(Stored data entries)
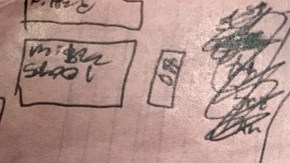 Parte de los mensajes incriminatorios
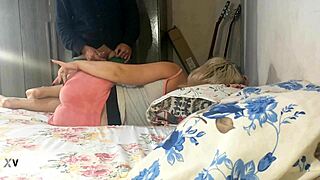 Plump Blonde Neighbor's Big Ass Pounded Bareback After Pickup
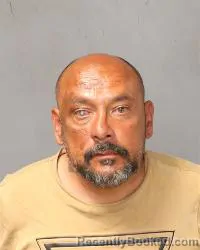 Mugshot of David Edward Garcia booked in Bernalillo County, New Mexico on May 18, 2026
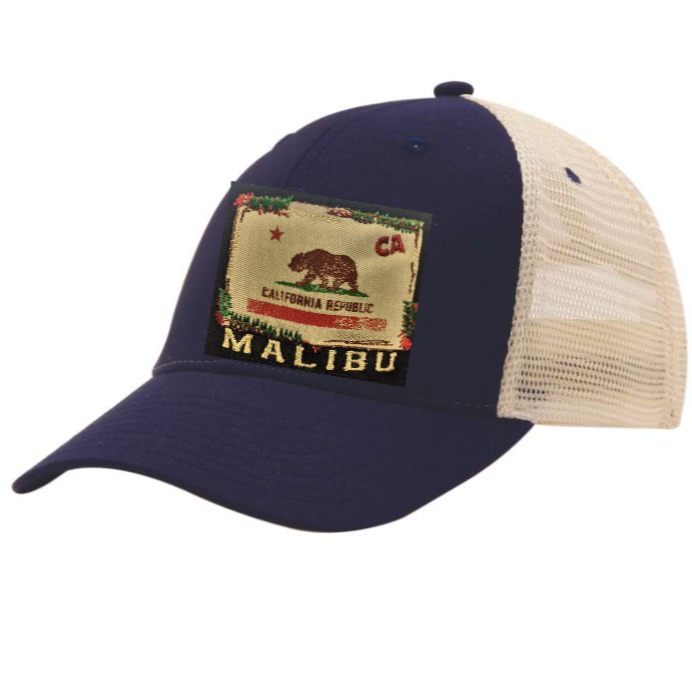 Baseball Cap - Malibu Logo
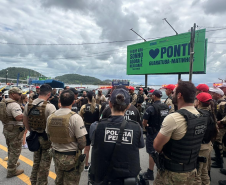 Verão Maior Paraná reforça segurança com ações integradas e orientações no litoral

* * *

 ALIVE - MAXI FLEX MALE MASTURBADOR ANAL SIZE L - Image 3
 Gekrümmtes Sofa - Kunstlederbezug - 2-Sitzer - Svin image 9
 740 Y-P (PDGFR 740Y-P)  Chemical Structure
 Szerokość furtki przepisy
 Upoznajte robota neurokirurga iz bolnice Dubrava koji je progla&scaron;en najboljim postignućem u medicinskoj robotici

* * *

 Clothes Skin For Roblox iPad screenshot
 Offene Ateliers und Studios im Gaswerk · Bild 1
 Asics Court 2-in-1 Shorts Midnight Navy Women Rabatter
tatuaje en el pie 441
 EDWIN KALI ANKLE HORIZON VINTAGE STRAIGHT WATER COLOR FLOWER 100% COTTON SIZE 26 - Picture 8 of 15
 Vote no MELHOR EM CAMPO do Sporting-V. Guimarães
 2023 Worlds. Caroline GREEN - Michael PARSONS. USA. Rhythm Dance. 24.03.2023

● **TASK PROMPT**: Show the lines above with "SIZE".

● **SOLUTION FOR THIS PROBLEM**:
 ALIVE - MAXI FLEX MALE MASTURBADOR ANAL SIZE L - Image 3
 EDWIN KALI ANKLE HORIZON VINTAGE STRAIGHT WATER COLOR FLOWER 100% COTTON SIZE 26 - Picture 8 of 15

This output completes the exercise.